Image-caption web data »
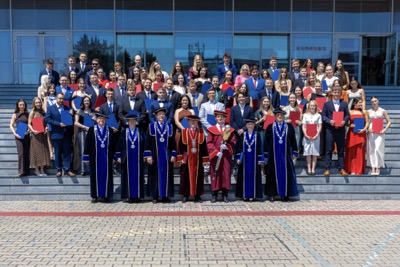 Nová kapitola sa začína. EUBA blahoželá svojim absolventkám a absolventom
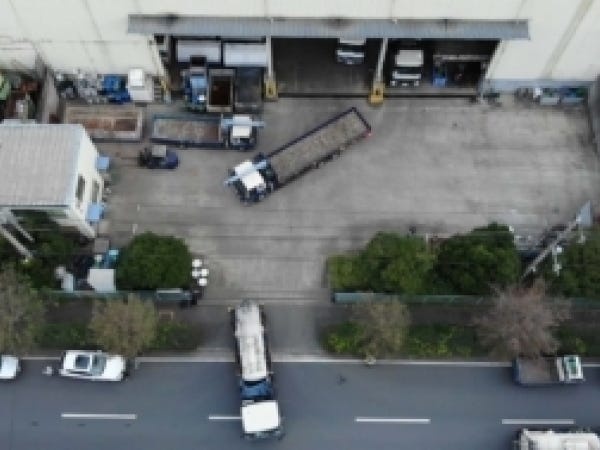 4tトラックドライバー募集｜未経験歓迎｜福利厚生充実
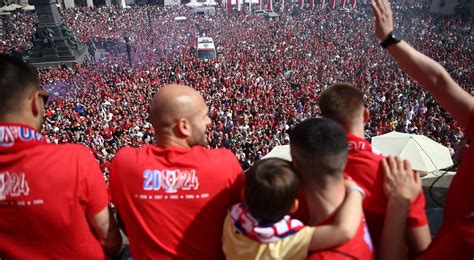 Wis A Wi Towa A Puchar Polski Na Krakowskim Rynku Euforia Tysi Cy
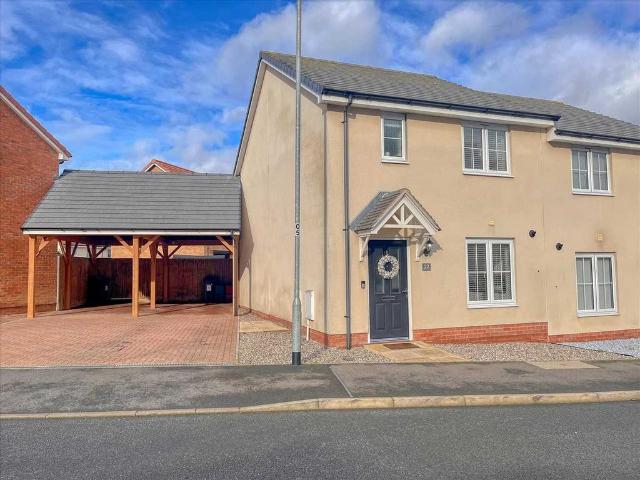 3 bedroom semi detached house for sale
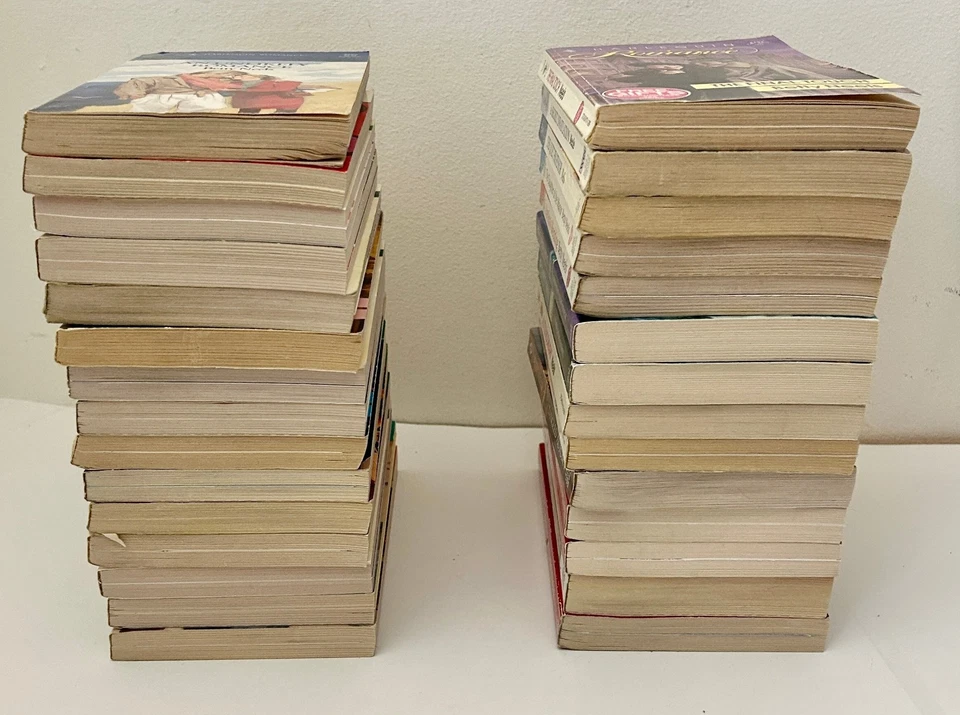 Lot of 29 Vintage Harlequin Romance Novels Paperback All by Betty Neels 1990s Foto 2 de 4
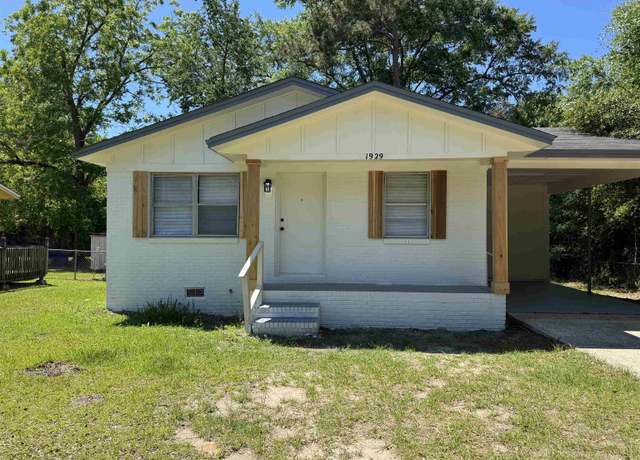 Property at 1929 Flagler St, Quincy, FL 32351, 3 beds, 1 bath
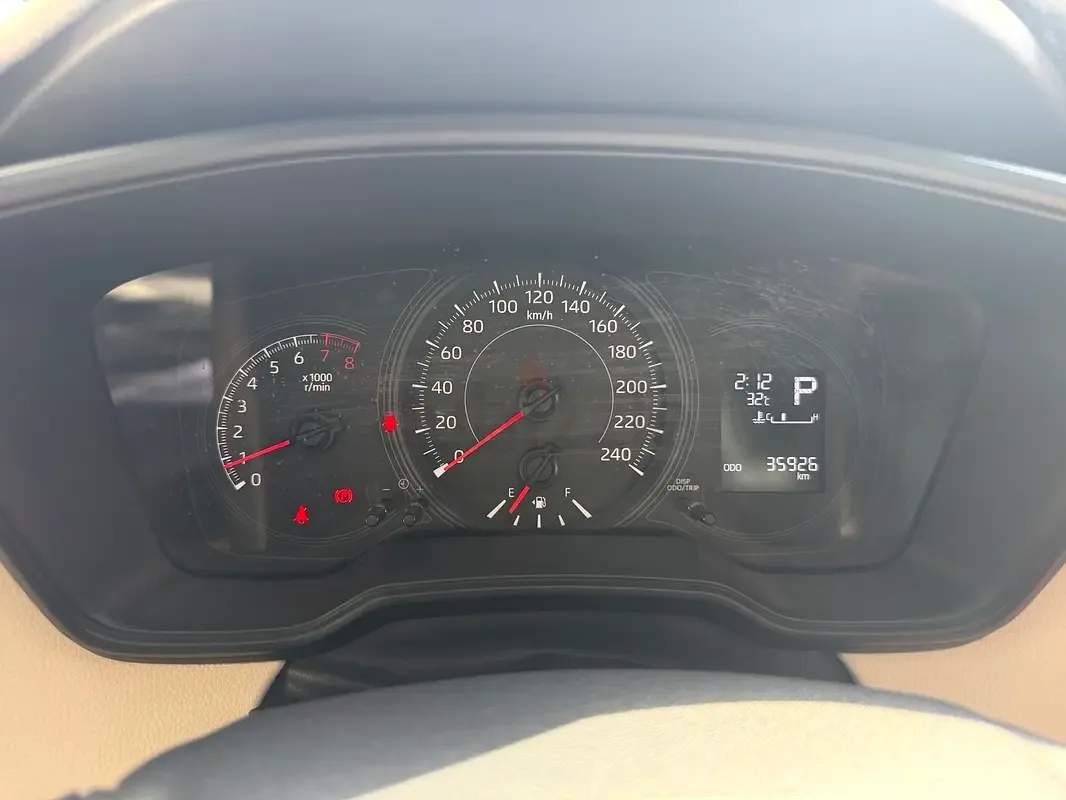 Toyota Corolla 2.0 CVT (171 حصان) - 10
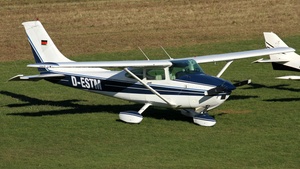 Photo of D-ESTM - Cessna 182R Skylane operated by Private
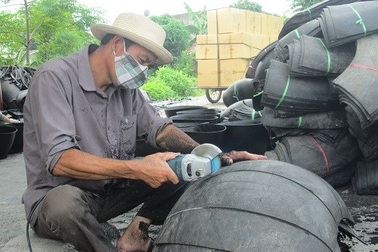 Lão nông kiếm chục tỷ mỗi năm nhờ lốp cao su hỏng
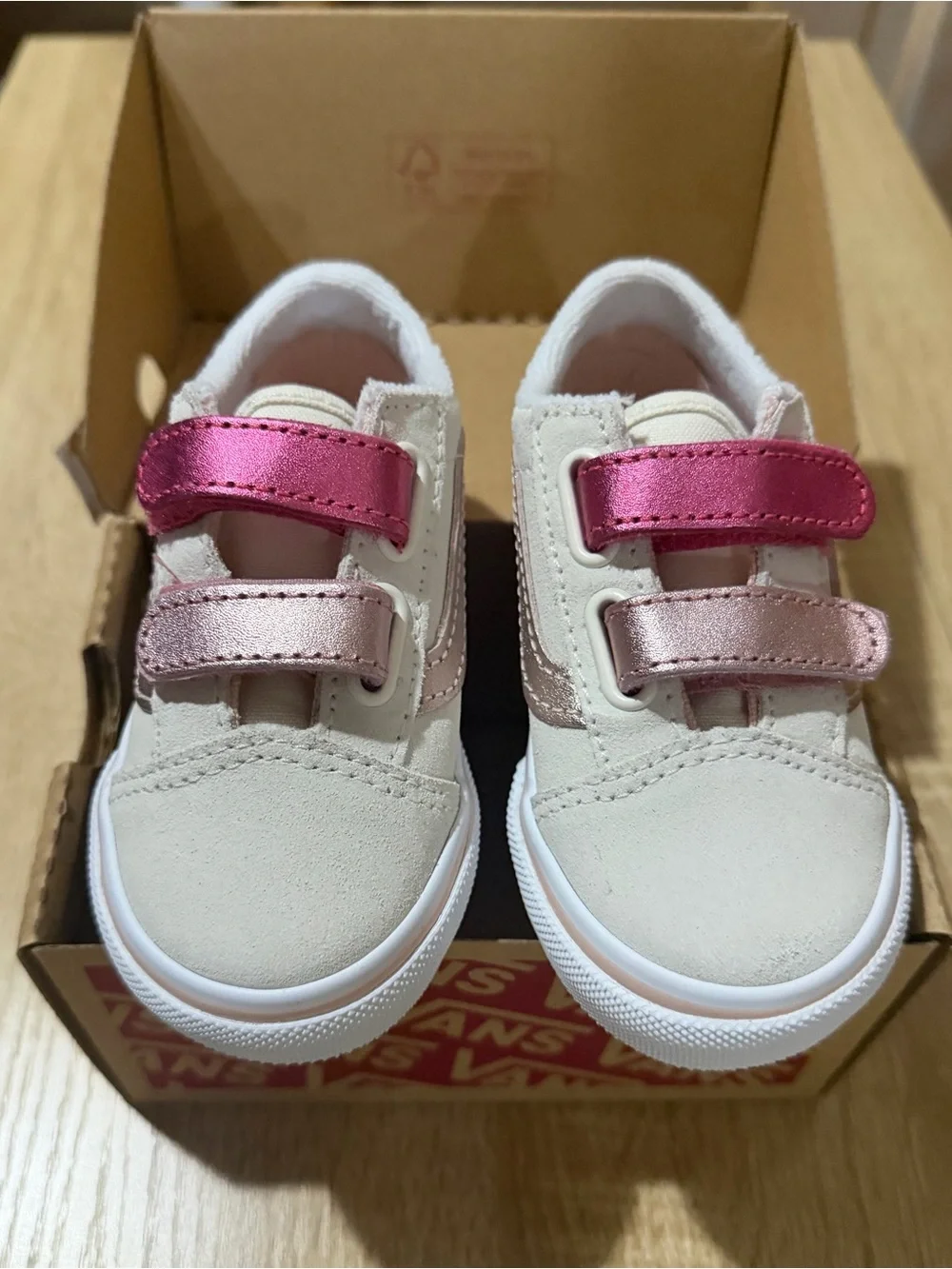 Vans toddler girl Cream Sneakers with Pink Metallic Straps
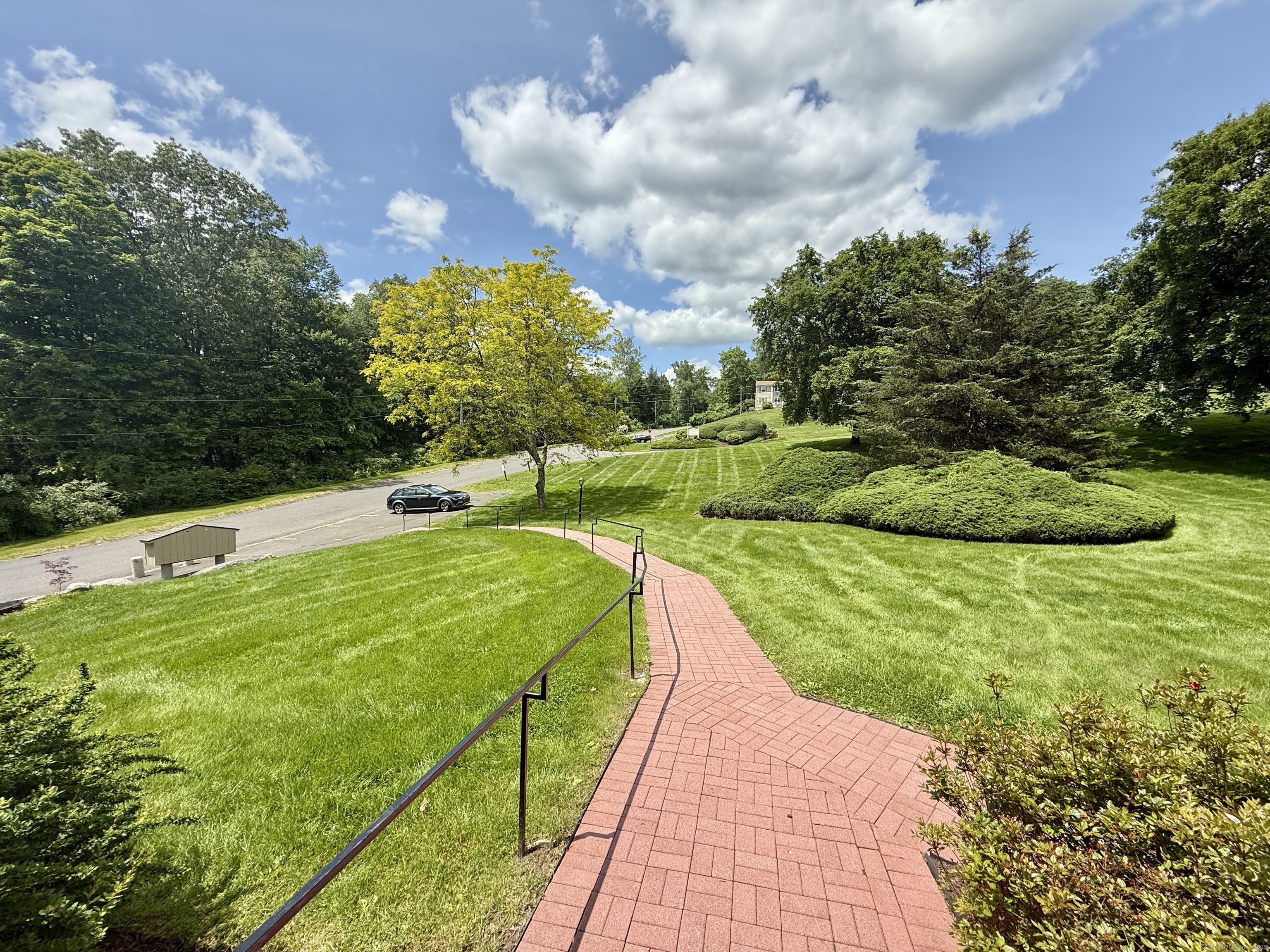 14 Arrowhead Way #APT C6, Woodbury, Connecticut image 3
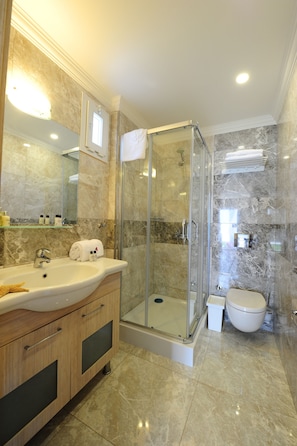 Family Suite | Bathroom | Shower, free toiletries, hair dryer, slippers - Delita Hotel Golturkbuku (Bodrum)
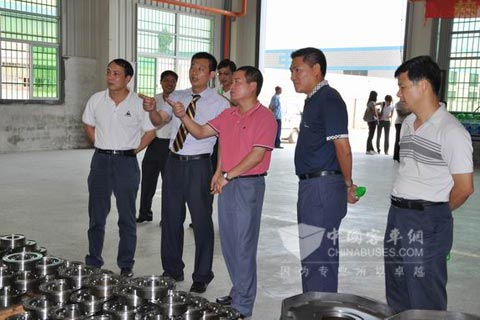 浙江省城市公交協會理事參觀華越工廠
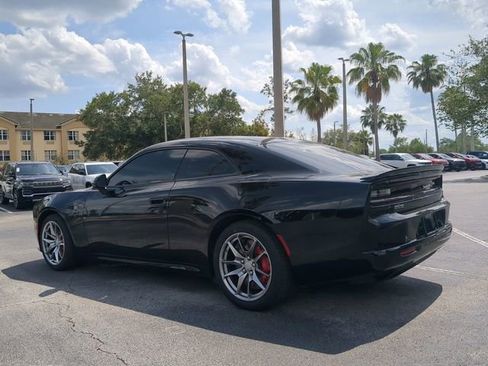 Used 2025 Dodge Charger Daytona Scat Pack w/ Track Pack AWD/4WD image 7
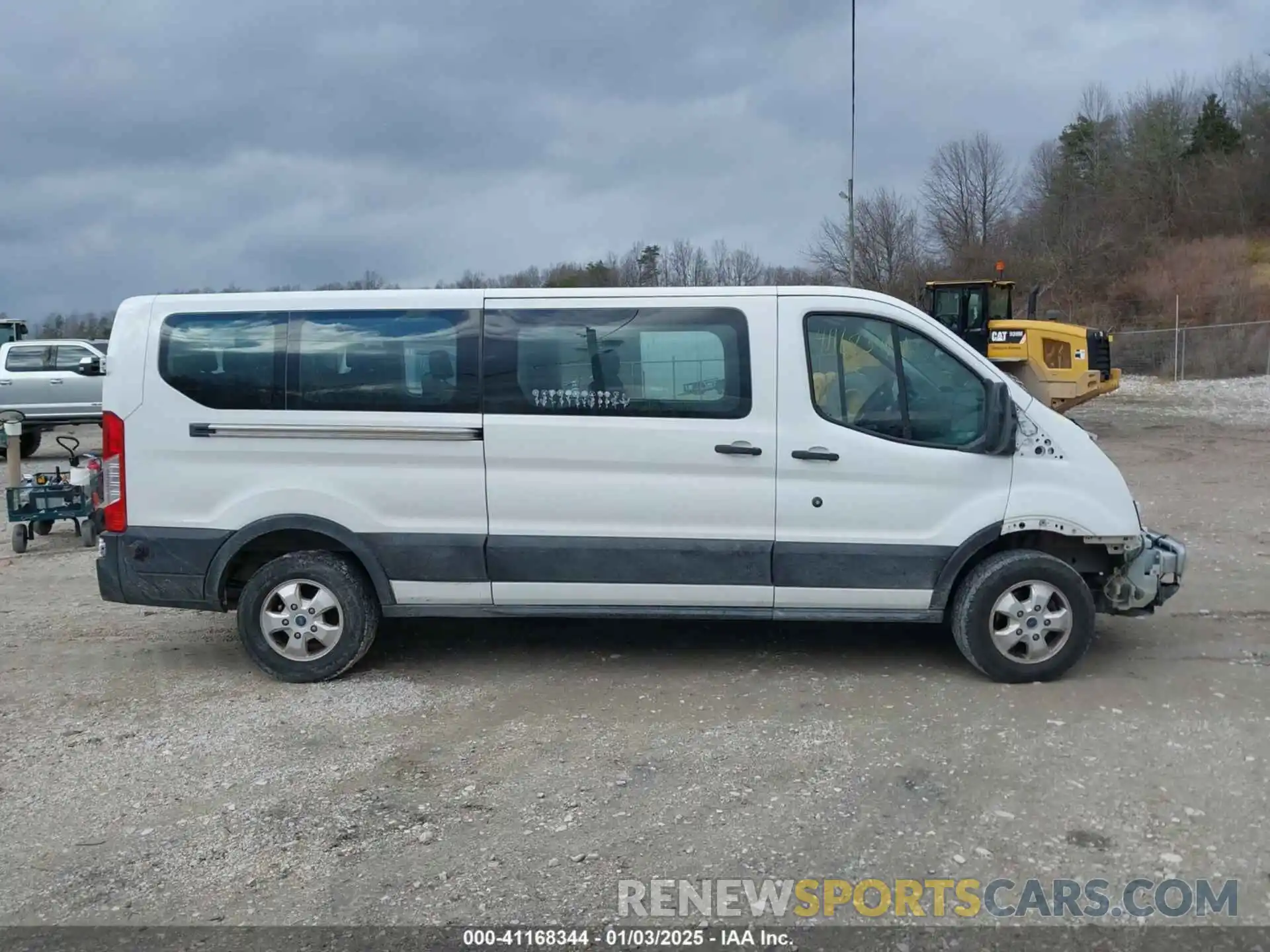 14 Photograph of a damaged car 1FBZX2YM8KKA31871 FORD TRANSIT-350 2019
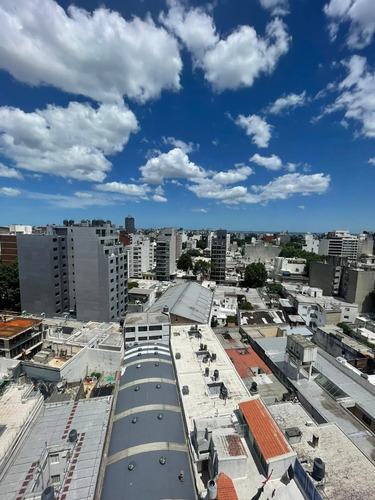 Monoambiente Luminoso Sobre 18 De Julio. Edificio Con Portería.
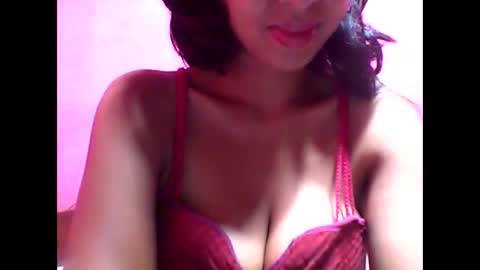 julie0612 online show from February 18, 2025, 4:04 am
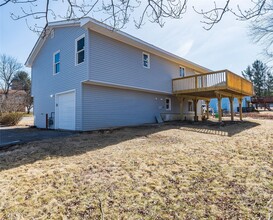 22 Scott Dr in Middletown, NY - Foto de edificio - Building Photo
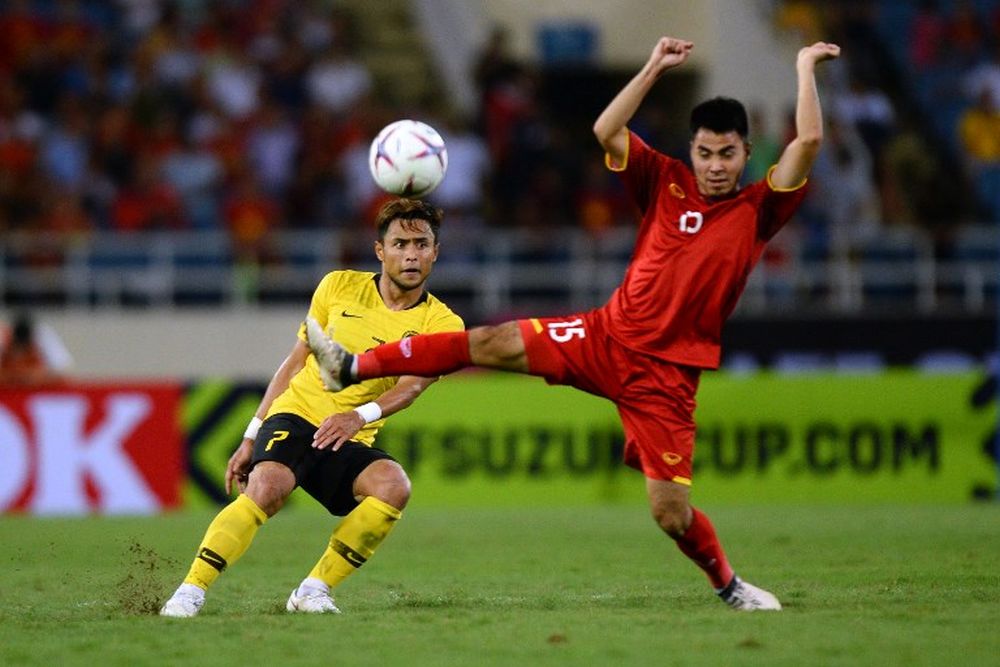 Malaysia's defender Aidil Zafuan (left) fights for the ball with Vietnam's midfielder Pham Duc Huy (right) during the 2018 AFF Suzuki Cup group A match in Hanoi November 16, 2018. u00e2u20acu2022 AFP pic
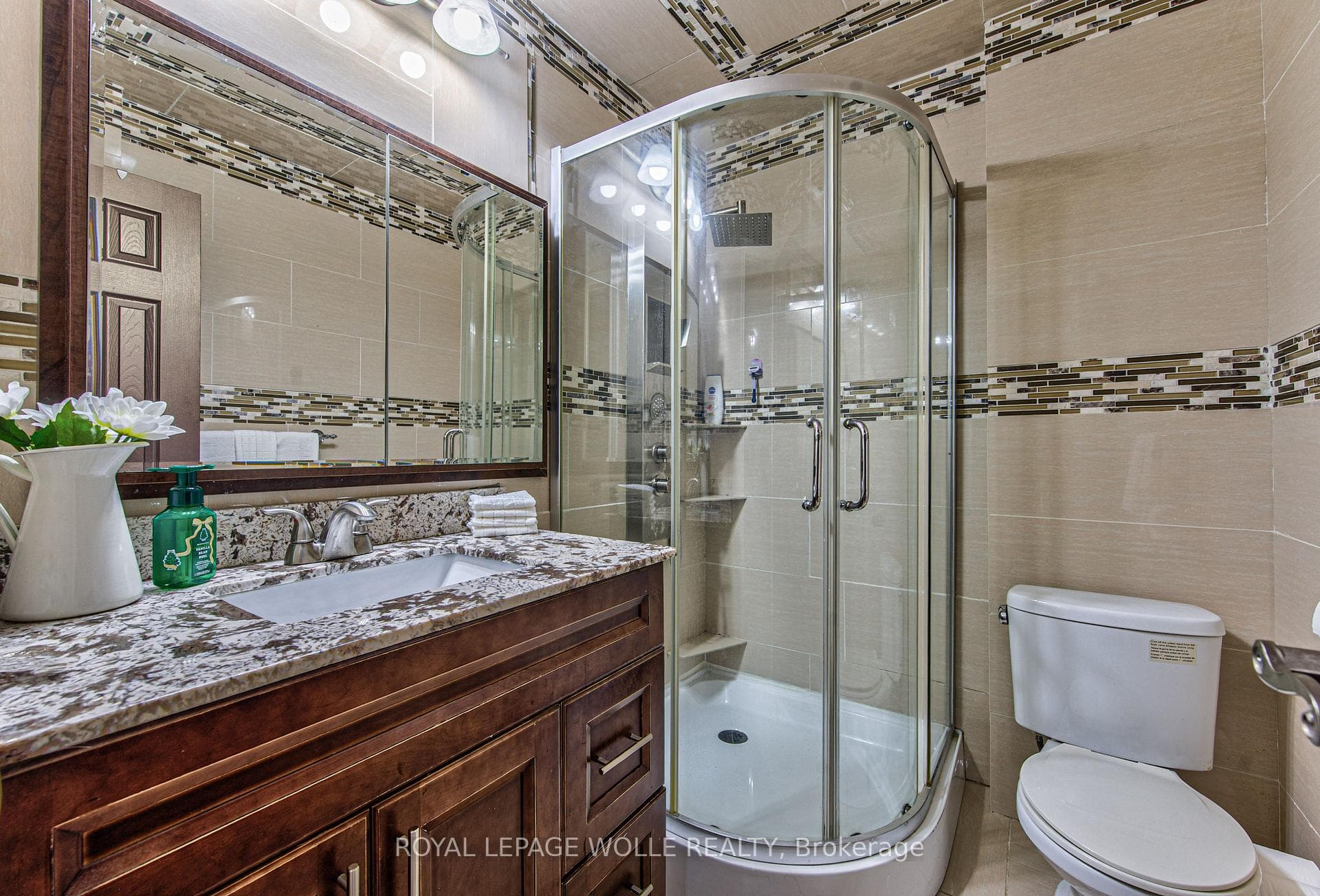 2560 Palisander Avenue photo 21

PROBLEM DESCRIPTION »
Give again, word for word, the lines above from the first one through the one containing "Lão nông kiếm"; no pictures.

RESPONSE TO THIS EXERCISE »
 Nová kapitola sa začína. EUBA blahoželá svojim absolventkám a absolventom
 4tトラックドライバー募集｜未経験歓迎｜福利厚生充実
 Wis A Wi Towa A Puchar Polski Na Krakowskim Rynku Euforia Tysi Cy
 3 bedroom semi detached house for sale
 Lot of 29 Vintage Harlequin Romance Novels Paperback All by Betty Neels 1990s Foto 2 de 4
 Property at 1929 Flagler St, Quincy, FL 32351, 3 beds, 1 bath
 Toyota Corolla 2.0 CVT (171 حصان) - 10
 Photo of D-ESTM - Cessna 182R Skylane operated by Private
 Lão nông kiếm chục tỷ mỗi năm nhờ lốp cao su hỏng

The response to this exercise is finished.